Within the last two two weeks, Chinese military hackers reportedly tried to break into secure servers run by the German and U.S. governments. German and U.S. officials have reportedly both complained – for reasons spelled out in this story by David Lague: How can they trust Chinese leaders' assurances of non-threatening intent if they can't be sure the People's Liberation Army sees things the same way? The PLA's successful test of an anti-satellite weapon early this year awakened the same fears.

Yes, having some degree of certainty, of reasonable boundaries, about what a nation might and might not do is an important element of international stability. With that point in mind, think of this: No one on earth can be sure that the U.S. government will not launch an aerial strike or a land invasion of Iran in the next 16 months.
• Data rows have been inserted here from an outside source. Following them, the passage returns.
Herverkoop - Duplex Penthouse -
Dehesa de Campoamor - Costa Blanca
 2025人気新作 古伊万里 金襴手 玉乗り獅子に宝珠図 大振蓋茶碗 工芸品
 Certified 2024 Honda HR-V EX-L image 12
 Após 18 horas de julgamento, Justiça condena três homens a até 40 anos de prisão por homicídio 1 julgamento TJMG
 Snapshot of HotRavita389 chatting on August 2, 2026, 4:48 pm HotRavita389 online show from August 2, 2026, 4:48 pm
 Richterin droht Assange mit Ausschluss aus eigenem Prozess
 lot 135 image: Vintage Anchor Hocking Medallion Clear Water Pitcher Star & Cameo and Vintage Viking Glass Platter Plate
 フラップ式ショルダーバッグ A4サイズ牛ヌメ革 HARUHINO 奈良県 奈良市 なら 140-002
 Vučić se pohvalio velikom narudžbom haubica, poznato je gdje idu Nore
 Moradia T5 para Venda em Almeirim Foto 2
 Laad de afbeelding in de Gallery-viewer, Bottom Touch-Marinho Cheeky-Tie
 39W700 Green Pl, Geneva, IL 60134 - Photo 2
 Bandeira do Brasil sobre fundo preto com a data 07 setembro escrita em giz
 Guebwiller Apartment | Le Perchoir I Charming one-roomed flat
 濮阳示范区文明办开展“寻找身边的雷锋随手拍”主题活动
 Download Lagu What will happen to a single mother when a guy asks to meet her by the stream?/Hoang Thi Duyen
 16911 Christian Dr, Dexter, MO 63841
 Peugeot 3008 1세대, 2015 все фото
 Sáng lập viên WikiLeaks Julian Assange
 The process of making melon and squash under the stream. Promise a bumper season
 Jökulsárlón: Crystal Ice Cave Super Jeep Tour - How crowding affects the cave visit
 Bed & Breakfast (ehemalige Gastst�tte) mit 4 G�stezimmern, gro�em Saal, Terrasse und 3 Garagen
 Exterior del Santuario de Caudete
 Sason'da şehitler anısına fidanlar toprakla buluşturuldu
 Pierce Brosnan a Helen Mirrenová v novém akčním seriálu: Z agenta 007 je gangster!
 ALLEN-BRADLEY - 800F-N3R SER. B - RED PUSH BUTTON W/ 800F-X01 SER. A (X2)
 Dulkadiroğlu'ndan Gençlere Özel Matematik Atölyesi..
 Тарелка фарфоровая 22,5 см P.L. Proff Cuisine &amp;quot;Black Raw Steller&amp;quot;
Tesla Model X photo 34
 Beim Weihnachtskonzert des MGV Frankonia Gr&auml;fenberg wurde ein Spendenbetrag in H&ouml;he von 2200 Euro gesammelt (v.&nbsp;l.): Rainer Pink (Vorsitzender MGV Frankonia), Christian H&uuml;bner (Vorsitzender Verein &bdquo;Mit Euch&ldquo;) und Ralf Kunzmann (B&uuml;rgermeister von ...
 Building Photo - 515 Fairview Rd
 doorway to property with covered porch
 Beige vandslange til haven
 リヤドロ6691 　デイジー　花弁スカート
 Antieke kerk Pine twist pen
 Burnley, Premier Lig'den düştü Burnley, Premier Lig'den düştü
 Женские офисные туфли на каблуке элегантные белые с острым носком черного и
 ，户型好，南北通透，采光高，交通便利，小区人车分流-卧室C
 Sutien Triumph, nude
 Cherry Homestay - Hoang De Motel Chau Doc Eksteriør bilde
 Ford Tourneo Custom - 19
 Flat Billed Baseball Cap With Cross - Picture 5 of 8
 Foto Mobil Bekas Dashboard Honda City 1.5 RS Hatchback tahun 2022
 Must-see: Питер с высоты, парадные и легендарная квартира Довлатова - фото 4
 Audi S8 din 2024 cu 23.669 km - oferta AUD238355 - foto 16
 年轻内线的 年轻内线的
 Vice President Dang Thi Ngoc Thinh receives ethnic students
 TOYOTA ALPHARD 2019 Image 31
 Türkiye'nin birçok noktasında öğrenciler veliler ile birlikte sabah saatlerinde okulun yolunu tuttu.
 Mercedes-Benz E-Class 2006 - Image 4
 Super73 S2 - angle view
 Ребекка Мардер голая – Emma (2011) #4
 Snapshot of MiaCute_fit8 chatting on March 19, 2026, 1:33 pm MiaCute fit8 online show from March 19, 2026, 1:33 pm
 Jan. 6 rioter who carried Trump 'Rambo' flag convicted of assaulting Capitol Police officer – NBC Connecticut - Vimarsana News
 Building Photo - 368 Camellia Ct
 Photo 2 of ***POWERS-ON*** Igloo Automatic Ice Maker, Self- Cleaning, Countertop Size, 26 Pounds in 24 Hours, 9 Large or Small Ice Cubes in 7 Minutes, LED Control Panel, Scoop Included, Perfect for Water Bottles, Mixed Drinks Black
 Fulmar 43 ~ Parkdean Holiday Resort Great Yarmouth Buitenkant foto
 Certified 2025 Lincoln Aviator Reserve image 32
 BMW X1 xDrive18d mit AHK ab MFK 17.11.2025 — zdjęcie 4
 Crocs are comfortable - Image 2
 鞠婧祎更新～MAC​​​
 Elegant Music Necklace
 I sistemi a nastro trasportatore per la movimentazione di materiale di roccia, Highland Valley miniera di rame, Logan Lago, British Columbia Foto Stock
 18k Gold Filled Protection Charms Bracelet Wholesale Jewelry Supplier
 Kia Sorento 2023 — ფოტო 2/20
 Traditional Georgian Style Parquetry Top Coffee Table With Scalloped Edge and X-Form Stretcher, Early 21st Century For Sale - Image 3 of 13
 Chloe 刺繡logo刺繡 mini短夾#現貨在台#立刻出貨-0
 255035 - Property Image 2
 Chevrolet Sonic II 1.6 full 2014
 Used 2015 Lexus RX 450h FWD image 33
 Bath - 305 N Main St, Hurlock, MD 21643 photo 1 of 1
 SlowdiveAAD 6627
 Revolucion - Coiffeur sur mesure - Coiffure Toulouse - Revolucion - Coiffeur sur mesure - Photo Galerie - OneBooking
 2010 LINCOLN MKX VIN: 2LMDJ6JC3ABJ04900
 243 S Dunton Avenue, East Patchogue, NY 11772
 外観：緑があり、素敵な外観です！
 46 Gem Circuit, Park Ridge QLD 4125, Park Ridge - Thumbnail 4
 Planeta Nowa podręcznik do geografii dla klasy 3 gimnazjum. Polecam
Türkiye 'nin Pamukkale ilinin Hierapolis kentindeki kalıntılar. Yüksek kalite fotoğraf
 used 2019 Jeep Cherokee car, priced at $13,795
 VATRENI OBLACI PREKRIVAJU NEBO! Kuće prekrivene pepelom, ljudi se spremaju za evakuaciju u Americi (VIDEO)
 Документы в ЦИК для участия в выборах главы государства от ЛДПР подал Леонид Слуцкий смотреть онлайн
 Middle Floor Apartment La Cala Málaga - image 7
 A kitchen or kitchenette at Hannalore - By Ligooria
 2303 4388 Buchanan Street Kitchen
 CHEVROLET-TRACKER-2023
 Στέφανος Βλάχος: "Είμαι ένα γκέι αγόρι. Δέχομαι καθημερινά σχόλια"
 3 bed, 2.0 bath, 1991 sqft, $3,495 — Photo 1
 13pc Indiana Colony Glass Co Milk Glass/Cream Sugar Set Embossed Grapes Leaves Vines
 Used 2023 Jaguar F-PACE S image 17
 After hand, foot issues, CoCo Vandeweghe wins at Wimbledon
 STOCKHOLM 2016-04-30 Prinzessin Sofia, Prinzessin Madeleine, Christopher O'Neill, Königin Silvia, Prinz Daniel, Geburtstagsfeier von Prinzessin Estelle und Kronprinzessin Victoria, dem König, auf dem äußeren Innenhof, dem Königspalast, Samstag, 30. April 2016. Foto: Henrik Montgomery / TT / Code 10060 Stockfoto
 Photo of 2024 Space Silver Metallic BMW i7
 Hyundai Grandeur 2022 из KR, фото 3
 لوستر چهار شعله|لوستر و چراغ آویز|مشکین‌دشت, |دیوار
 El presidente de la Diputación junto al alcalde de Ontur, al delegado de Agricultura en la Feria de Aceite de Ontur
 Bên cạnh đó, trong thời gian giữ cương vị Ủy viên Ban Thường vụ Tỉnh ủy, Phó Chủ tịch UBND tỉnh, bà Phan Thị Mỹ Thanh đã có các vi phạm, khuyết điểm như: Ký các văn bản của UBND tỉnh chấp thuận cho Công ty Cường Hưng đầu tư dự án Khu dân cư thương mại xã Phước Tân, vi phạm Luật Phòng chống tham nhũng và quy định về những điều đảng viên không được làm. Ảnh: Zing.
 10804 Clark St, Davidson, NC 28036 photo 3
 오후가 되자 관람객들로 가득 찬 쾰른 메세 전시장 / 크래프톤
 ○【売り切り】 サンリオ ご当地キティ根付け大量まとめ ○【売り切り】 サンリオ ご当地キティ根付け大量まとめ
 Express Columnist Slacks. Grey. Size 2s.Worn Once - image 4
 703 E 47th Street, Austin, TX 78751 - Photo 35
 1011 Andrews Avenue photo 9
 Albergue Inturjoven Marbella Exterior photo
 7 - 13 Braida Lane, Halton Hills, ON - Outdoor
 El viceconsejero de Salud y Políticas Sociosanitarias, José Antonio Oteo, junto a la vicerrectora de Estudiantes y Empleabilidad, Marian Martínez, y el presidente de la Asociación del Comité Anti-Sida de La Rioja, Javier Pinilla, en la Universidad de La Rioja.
We can be sure that such a strike would a disaster -- for America. (Reasons laid out in the Atlantic in 2004, 2006, and 2007.) We can speculate that many members of the military are so aware that it would be a disaster that they might at least think about the unthinkable: resigning or in some other way resisting the command. We can wonder why the Congress, now trapped by the logic of "we're there now, so we can't just cut and run" about Iraq is not taking clearer steps to rule out an attack on Iran while they still can.

But we can't be sure that it won't happen. No one can. The structure of American government leaves this power in a President's hands -- or at least the current president so believes, and the Congress has not legislated otherwise.

So it is fine to tsk-tsk the Chinese about the doubts that the PLA's recent behavior is raising in others' minds. But let's also think about the doubts the United States is creating around the world -- and why Europeans, especially, have started talking about a "systems failure" in America: that it has no good way of being sure that its enormous power will not be used recklessly, to the detriment of itself and everyone else.

Practical point: Congress, get cracking! Pre-emptively vote that no funds may be used this way. Show the Chinese, among others, how democracy can work.